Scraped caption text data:

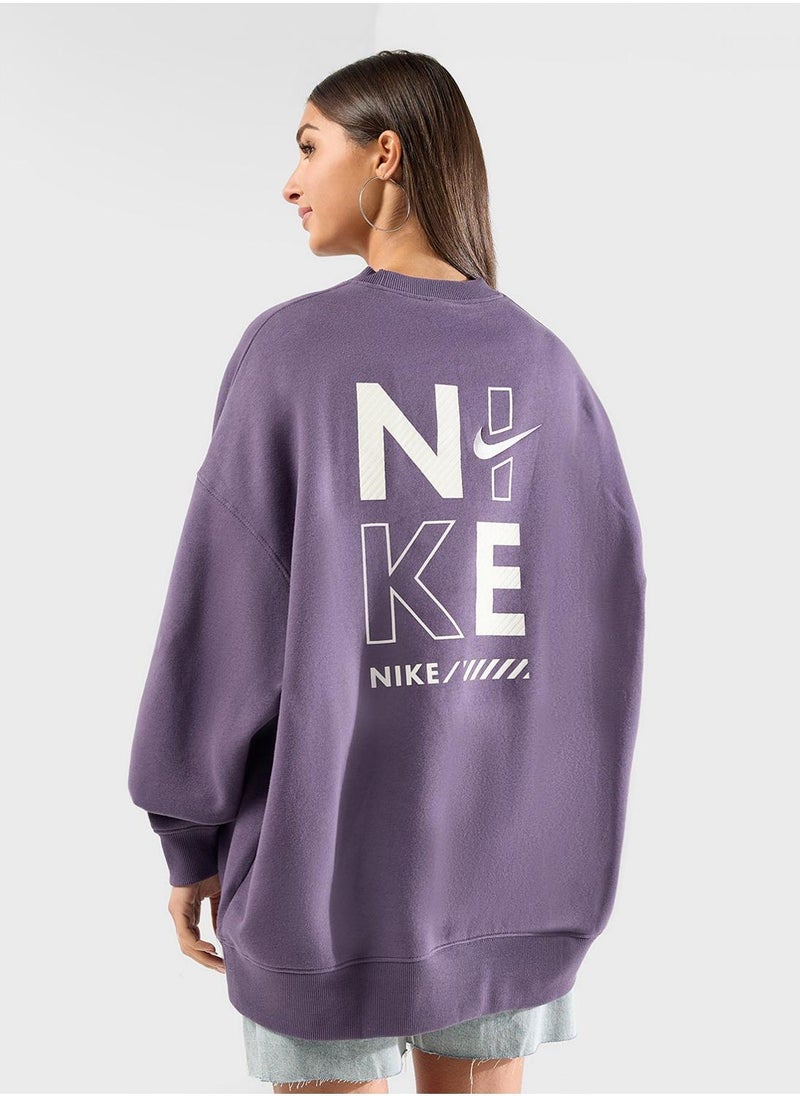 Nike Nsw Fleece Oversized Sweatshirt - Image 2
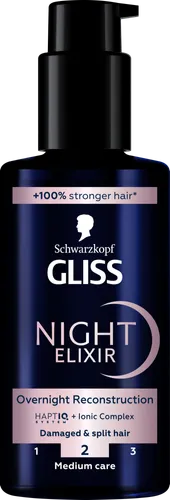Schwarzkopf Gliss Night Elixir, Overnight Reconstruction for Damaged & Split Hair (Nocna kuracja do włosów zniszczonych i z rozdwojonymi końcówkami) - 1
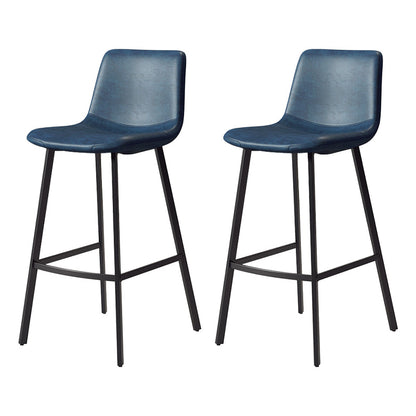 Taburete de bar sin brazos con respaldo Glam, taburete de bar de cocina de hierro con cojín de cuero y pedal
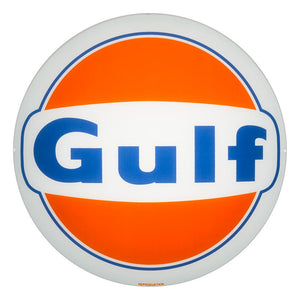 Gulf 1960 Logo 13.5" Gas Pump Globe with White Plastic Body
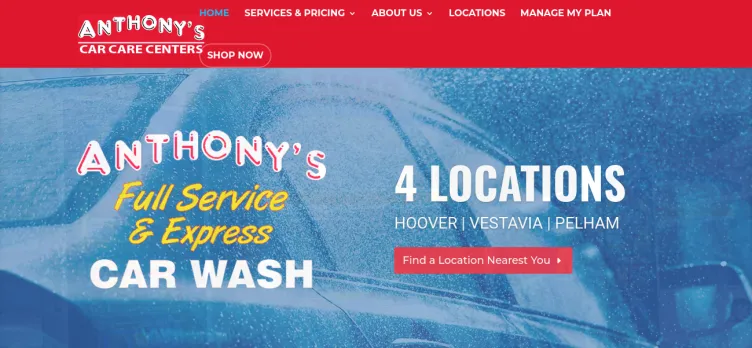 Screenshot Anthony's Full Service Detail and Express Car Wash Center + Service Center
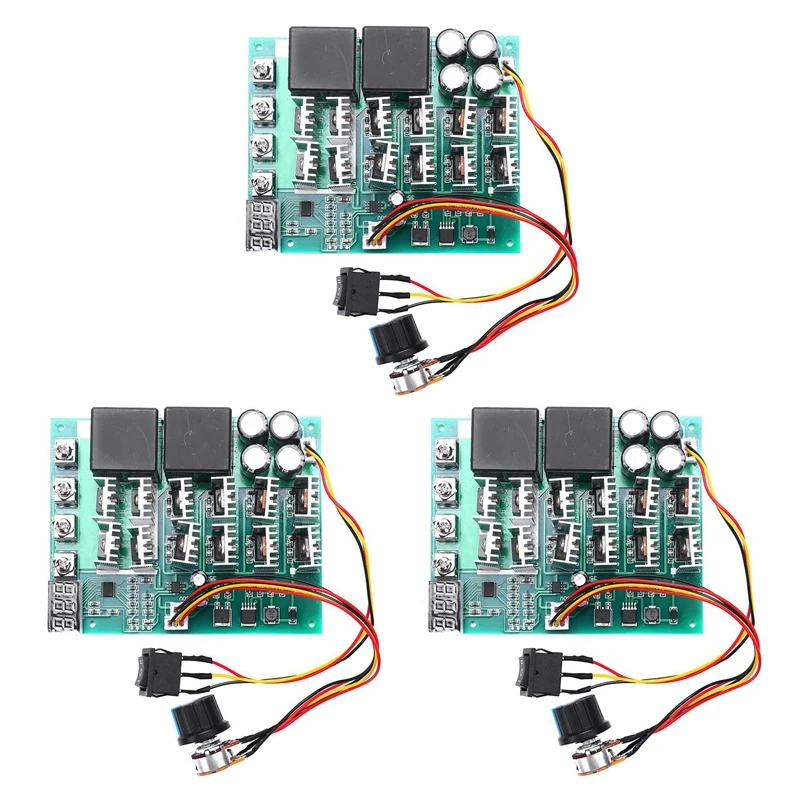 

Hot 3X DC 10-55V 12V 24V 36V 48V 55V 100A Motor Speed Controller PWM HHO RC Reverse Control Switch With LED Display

» **Work instructions**: The expected output is each entry given again word for word, with pictures dropped.

» **Response to this exercise**:
 Nike Nsw Fleece Oversized Sweatshirt - Image 2
Schwarzkopf Gliss Night Elixir, Overnight Reconstruction for Damaged & Split Hair (Nocna kuracja do włosów zniszczonych i z rozdwojonymi końcówkami) - 1
 Taburete de bar sin brazos con respaldo Glam, taburete de bar de cocina de hierro con cojín de cuero y pedal
 Gulf 1960 Logo 13.5" Gas Pump Globe with White Plastic Body
 Screenshot Anthony's Full Service Detail and Express Car Wash Center + Service Center

Hot 3X DC 10-55V 12V 24V 36V 48V 55V 100A Motor Speed Controller PWM HHO RC Reverse Control Switch With LED Display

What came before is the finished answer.